§ **ACTIVITY**
Write out all of the records precisely. Skip anything that is a picture.

(Beginning of ENTRIES PROVIDED)

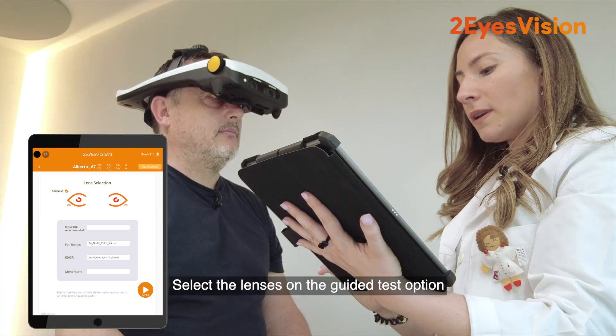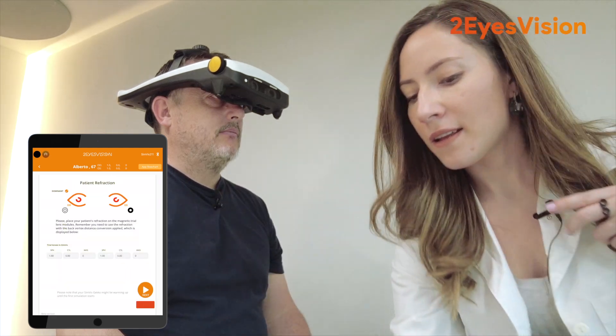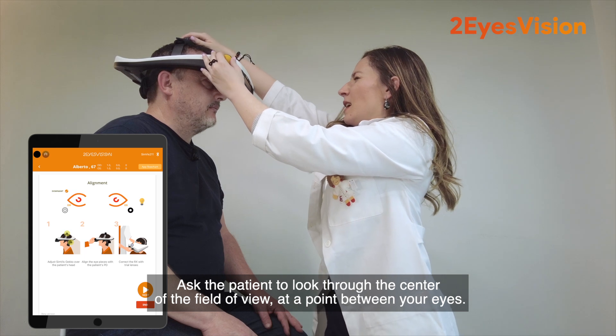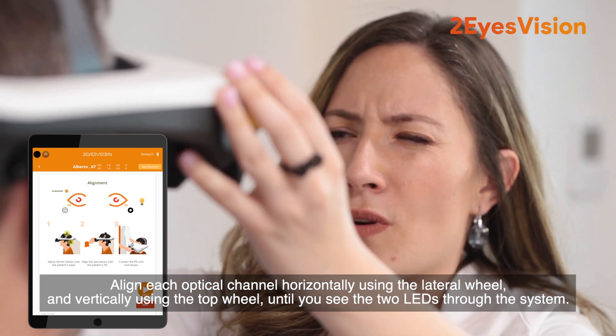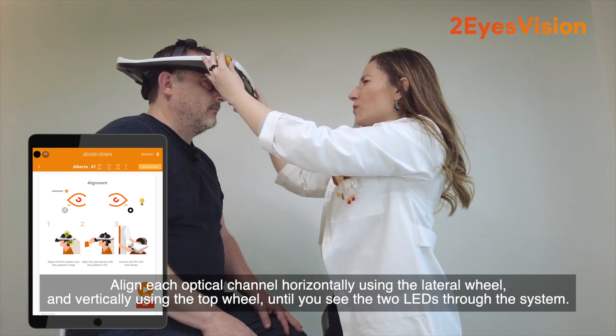Select the lenses on the guided test option. Ask the patient to look through the center of the field of view at a point between your eyes. Align each optical channel horizontally using the lateral wheel and vertically using the top wheel until you see the two LEDs through the system.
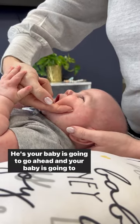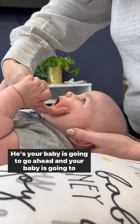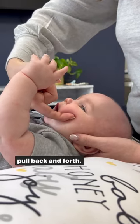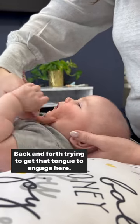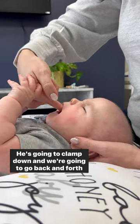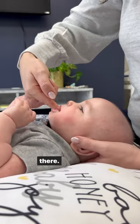Your baby is going to latch down on your finger and then you're going to gently pull back and forth, back and forth, trying to get that tongue to engage here. He's going to clamp down and we're going to go back and forth there.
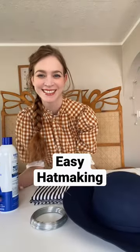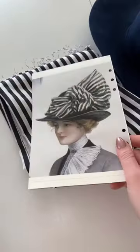Today I'm going to show you how to make this hat from 1912. Here are my supplies, including this floppy felt hat that I got from Amazon for $25, and here's the inspiration.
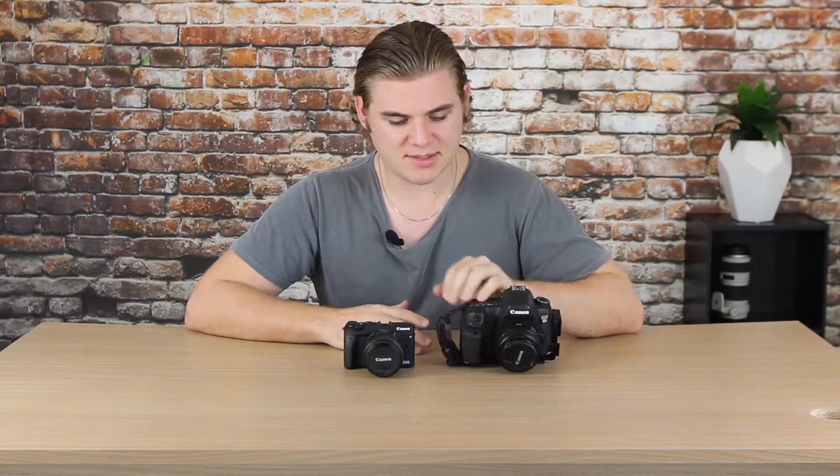In terms of weight, these two vary quite considerably. The 6D is actually double the weight of the M3, coming in at 770 grams or 1.7 pounds, versus 366 grams or 0.81 pounds for the compact M3.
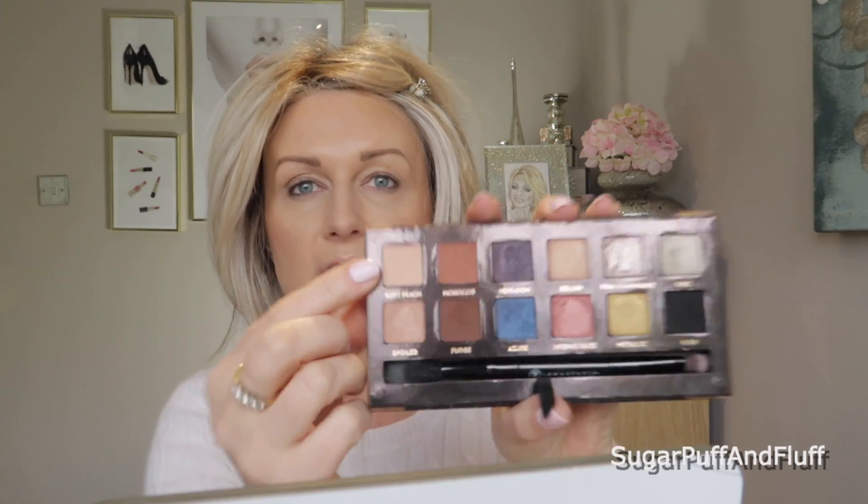First I'm going to take Soft Peach, which is a soft peach color and it is matte. It's a bit light but I will use this as my transition color. Yeah, it's okay.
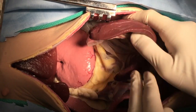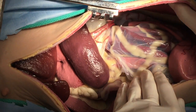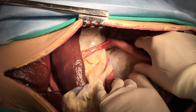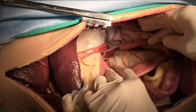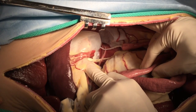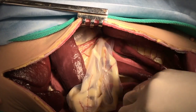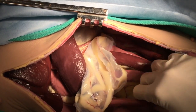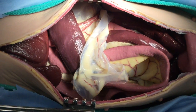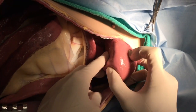Here we have the spleen on the left side and its associated mesentery. Then we'll pick up the colon and use the mesocolon as a sling, pulling it towards midline and exposing the left paravertebral gutter, where there is the ovary, the uterus, the kidney, and the ureter. You can then trace the bowel all the way from the duodenum to the colon.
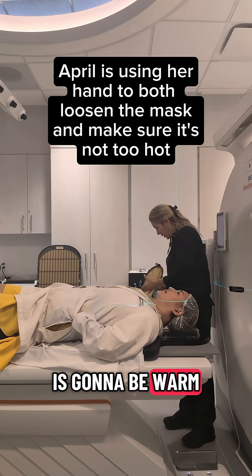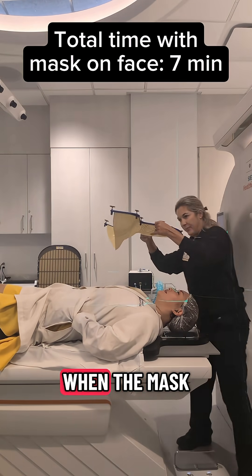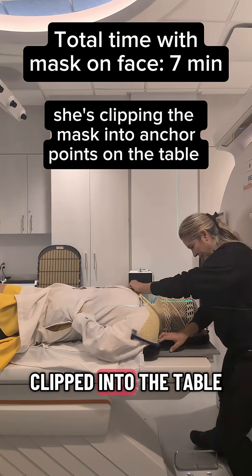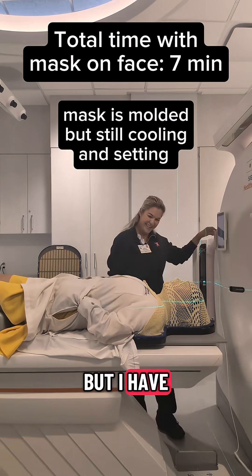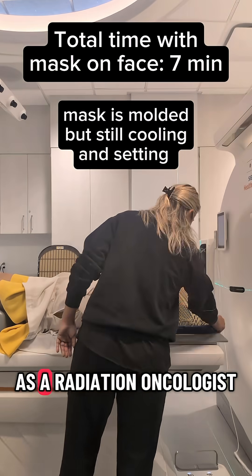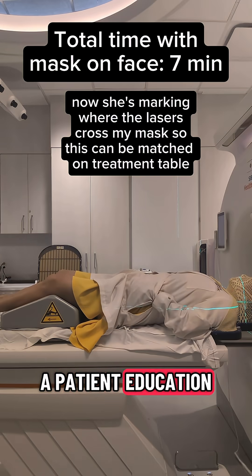Okay, so this is going to be warm. When the mask was pulled over my face and clipped into the table, to me it kind of felt like a hot towel at a spa. But I have to make the disclaimer of how privileged I am as a radiation oncologist to have shown up to this only with my curiosity and excitement to make a patient education video.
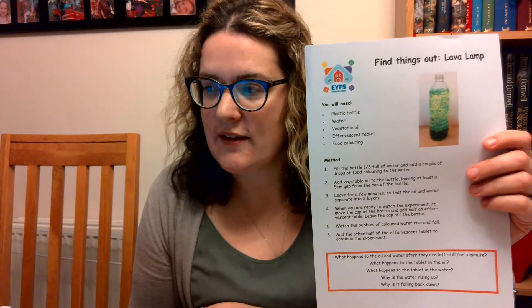We're going to be making a lava lamp and the instructions can be found on the EYFS home page today, linked to today's activity. You're going to need a few things: a plastic bottle — large or small, that's up to you — some water, some vegetable oil, some food colouring, a fizzing effervescent tablet, and a funnel, which would be quite useful.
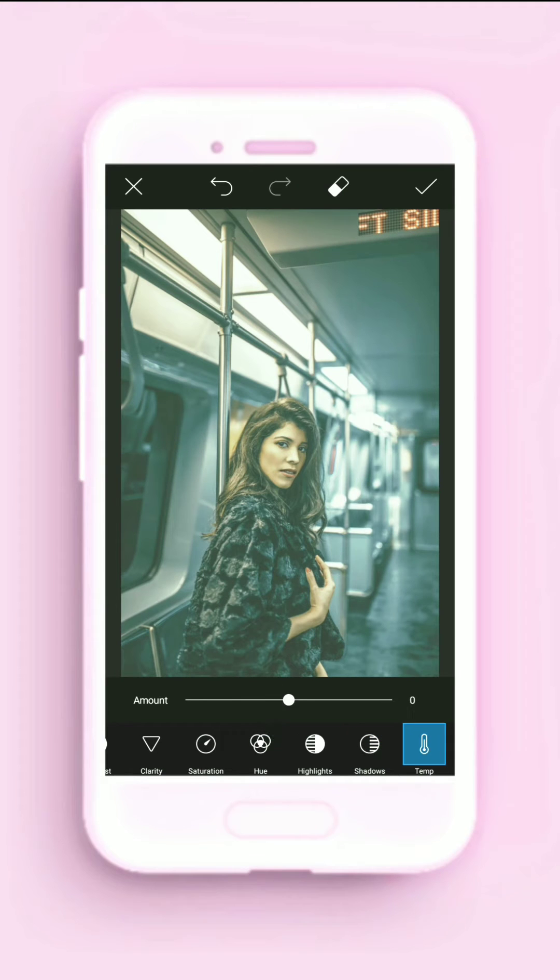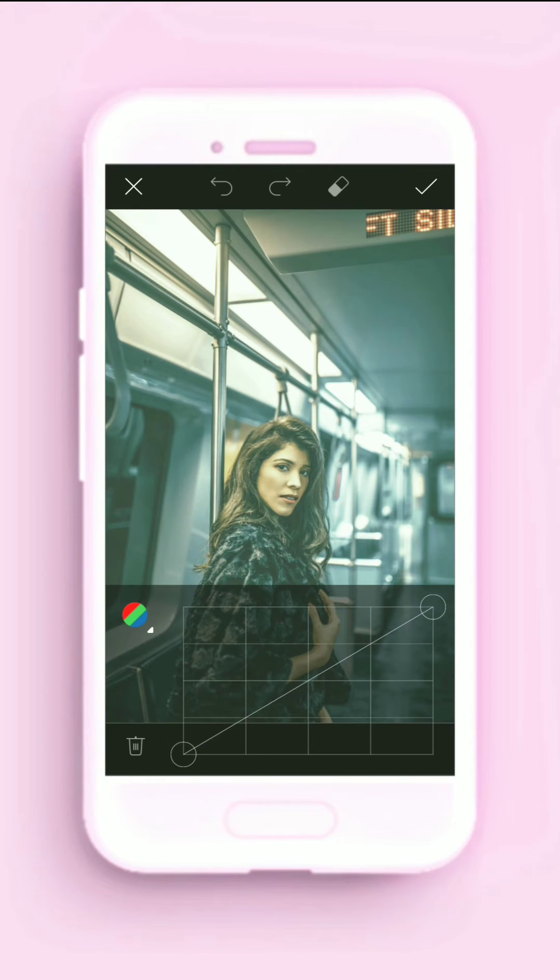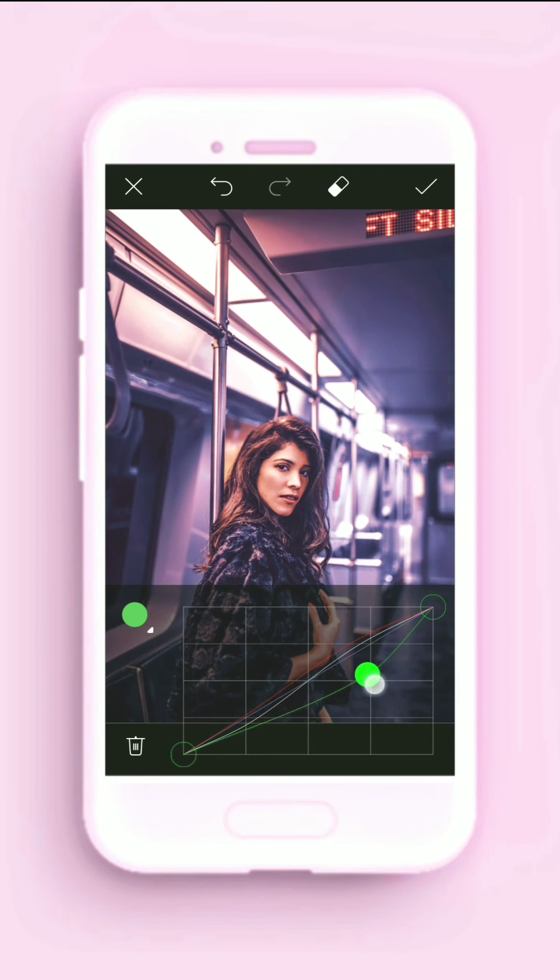Next, decrease the temperature a small amount, then we'll go to Curves for the second part. In the Red channel, increase it like this. Next, decrease the Green channel — that will produce more of a purple, pinkish effect. Then increase the Blues.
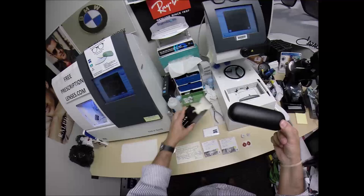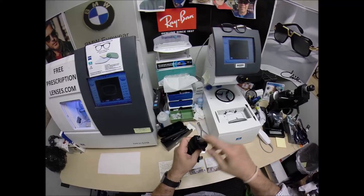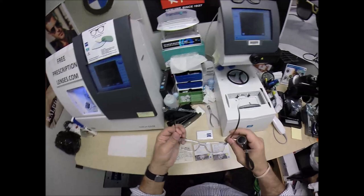Let me take everything out of the original packaging as Oakley sends it to me — your hard shell Oakley case, your Oakley carrying bag slash cleaning cloth, and then the star of the show, the main attraction: it is the 8166 Wheelhouse. It comes with a little plastic sleeve on the left temple to protect the temples from rubbing together during shipping, and I'm going to put that back on when I ship it up to you. This is the Wheelhouse.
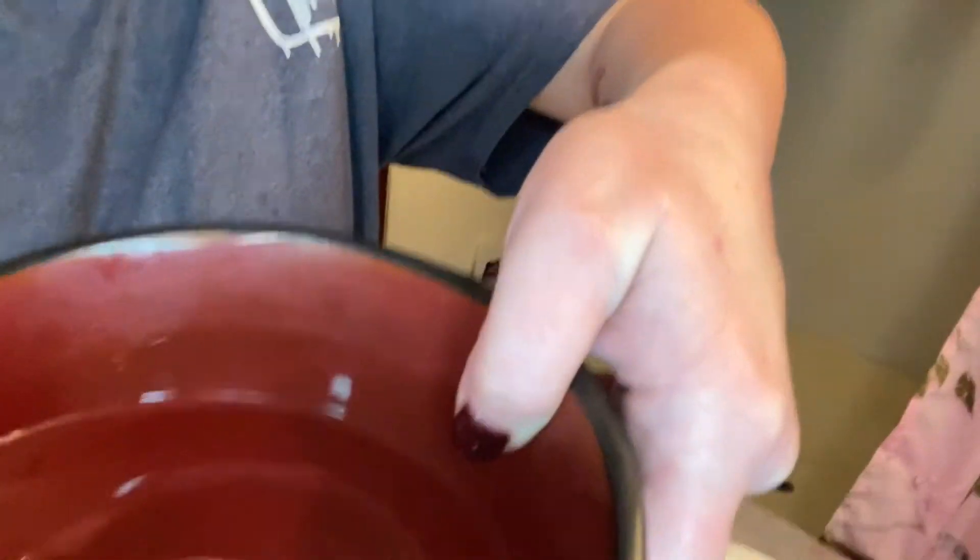I'm going to get a bowl and some hot water and we're going to soak this sponge and see how much it expands. So I have my hot water — this is how big the sponge is now. We're going to soak it like so. I have it soaking.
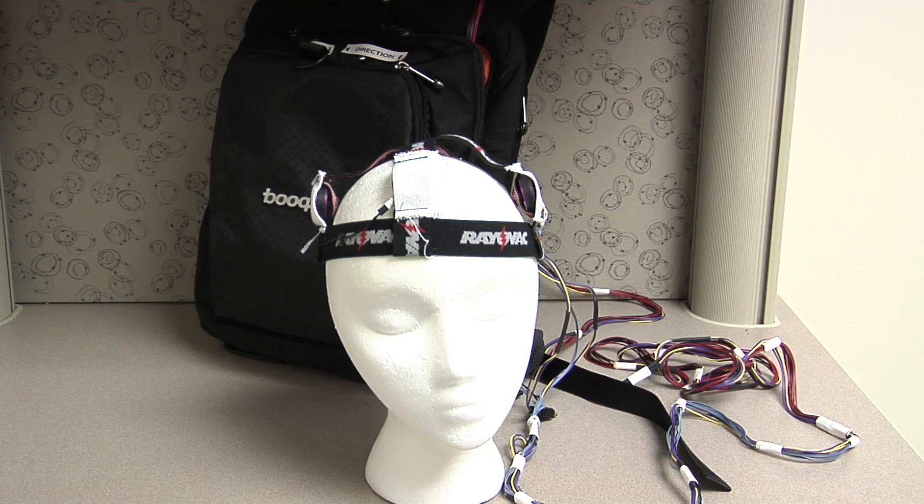Balance is not a conscious effort. When you're missing the vestibular sense, you're really consciously relying on the other two senses — eyesight and the sense of touch. If we could give this person an additional third sense of touch coming from somewhere else, we felt that the brain would be able to use that and in some way make up for the vestibular sense that they were missing.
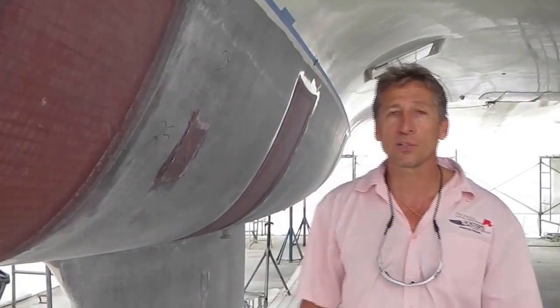So Dennis Foster from Foster's Yacht Services, located at Lauderdale Marine Center, part of our September videos — with all this noise, signing out.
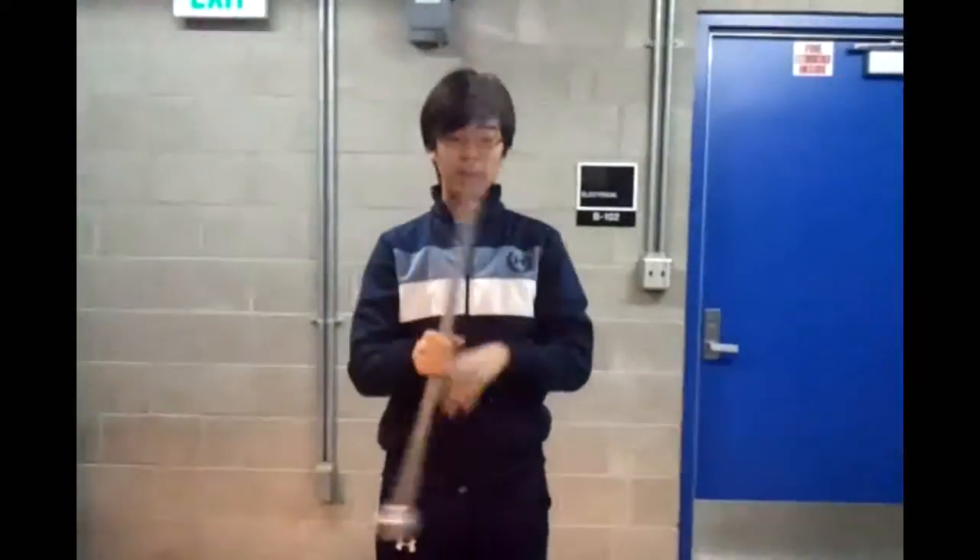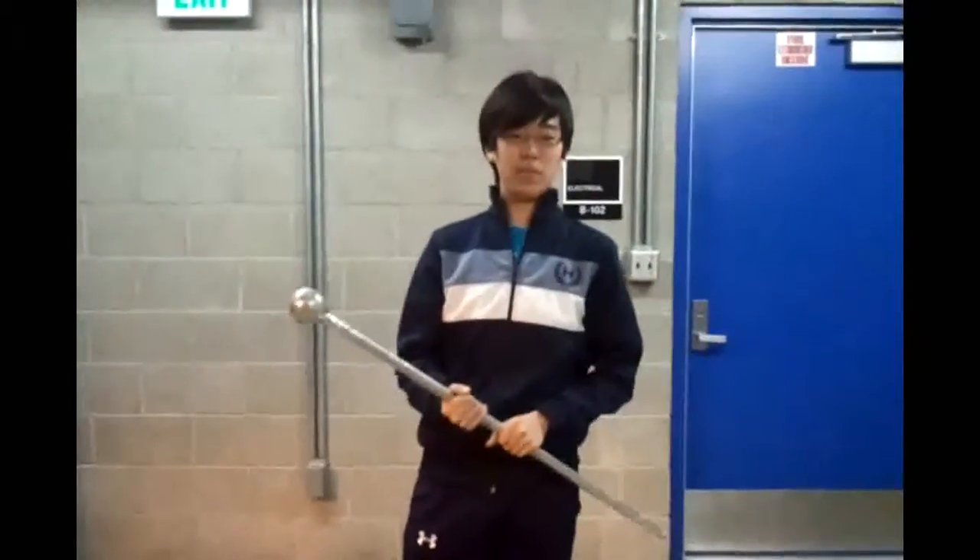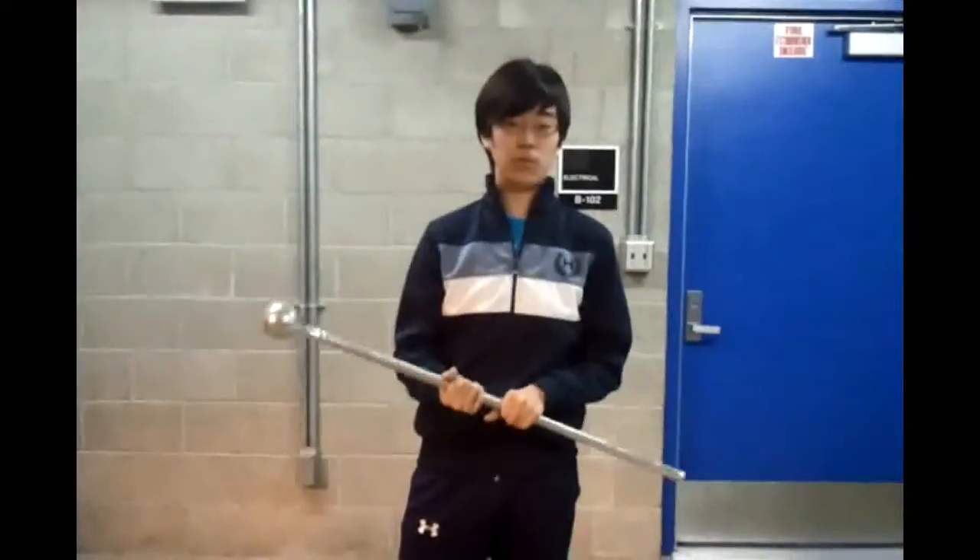We also learned a new one — it's the rifle toss. I'm not going to demonstrate right now because it's really wild, but that's also a very important tool, very similar to thumbing.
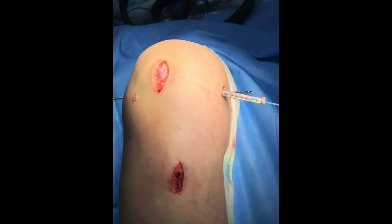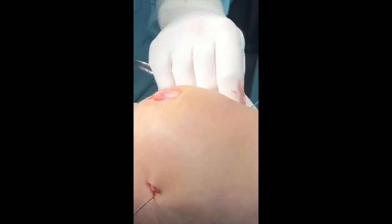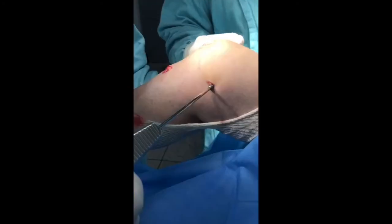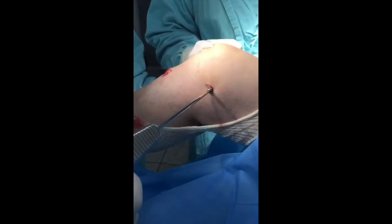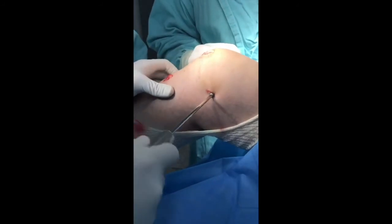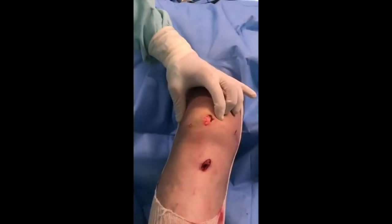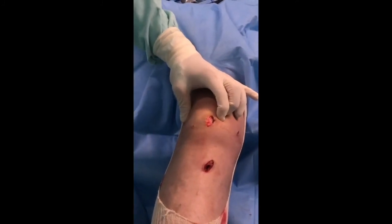The knee is then flexed to 60 degrees. With the patella centrally located in the groove, slack is removed from the graft and it is fixed with a 7 by 25 millimetre soft tissue interference screw. Normalised patellar tracking and a hard end point to the MPFL reconstruction are confirmed prior to terminating the procedure.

(End of ENTRIES PROVIDED)

§ **SOLVED EXERCISE**
Select the lenses on the guided test option. Ask the patient to look through the center of the field of view at a point between your eyes. Align each optical channel horizontally using the lateral wheel and vertically using the top wheel until you see the two LEDs through the system.
Your baby is going to latch down on your finger and then you're going to gently pull back and forth, back and forth, trying to get that tongue to engage here. He's going to clamp down and we're going to go back and forth there.
Today I'm going to show you how to make this hat from 1912. Here are my supplies, including this floppy felt hat that I got from Amazon for $25, and here's the inspiration.
In terms of weight, these two vary quite considerably. The 6D is actually double the weight of the M3, coming in at 770 grams or 1.7 pounds, versus 366 grams or 0.81 pounds for the compact M3.
First I'm going to take Soft Peach, which is a soft peach color and it is matte. It's a bit light but I will use this as my transition color. Yeah, it's okay.
Here we have the spleen on the left side and its associated mesentery. Then we'll pick up the colon and use the mesocolon as a sling, pulling it towards midline and exposing the left paravertebral gutter, where there is the ovary, the uterus, the kidney, and the ureter. You can then trace the bowel all the way from the duodenum to the colon.
Okay, so this is going to be warm. When the mask was pulled over my face and clipped into the table, to me it kind of felt like a hot towel at a spa. But I have to make the disclaimer of how privileged I am as a radiation oncologist to have shown up to this only with my curiosity and excitement to make a patient education video.
We're going to be making a lava lamp and the instructions can be found on the EYFS home page today, linked to today's activity. You're going to need a few things: a plastic bottle — large or small, that's up to you — some water, some vegetable oil, some food colouring, a fizzing effervescent tablet, and a funnel, which would be quite useful.
Next, decrease the temperature a small amount, then we'll go to Curves for the second part. In the Red channel, increase it like this. Next, decrease the Green channel — that will produce more of a purple, pinkish effect. Then increase the Blues.
Let me take everything out of the original packaging as Oakley sends it to me — your hard shell Oakley case, your Oakley carrying bag slash cleaning cloth, and then the star of the show, the main attraction: it is the 8166 Wheelhouse. It comes with a little plastic sleeve on the left temple to protect the temples from rubbing together during shipping, and I'm going to put that back on when I ship it up to you. This is the Wheelhouse.
I'm going to get a bowl and some hot water and we're going to soak this sponge and see how much it expands. So I have my hot water — this is how big the sponge is now. We're going to soak it like so. I have it soaking.
Balance is not a conscious effort. When you're missing the vestibular sense, you're really consciously relying on the other two senses — eyesight and the sense of touch. If we could give this person an additional third sense of touch coming from somewhere else, we felt that the brain would be able to use that and in some way make up for the vestibular sense that they were missing.
So Dennis Foster from Foster's Yacht Services, located at Lauderdale Marine Center, part of our September videos — with all this noise, signing out.
We also learned a new one — it's the rifle toss. I'm not going to demonstrate right now because it's really wild, but that's also a very important tool, very similar to thumbing.
The knee is then flexed to 60 degrees. With the patella centrally located in the groove, slack is removed from the graft and it is fixed with a 7 by 25 millimetre soft tissue interference screw. Normalised patellar tracking and a hard end point to the MPFL reconstruction are confirmed prior to terminating the procedure.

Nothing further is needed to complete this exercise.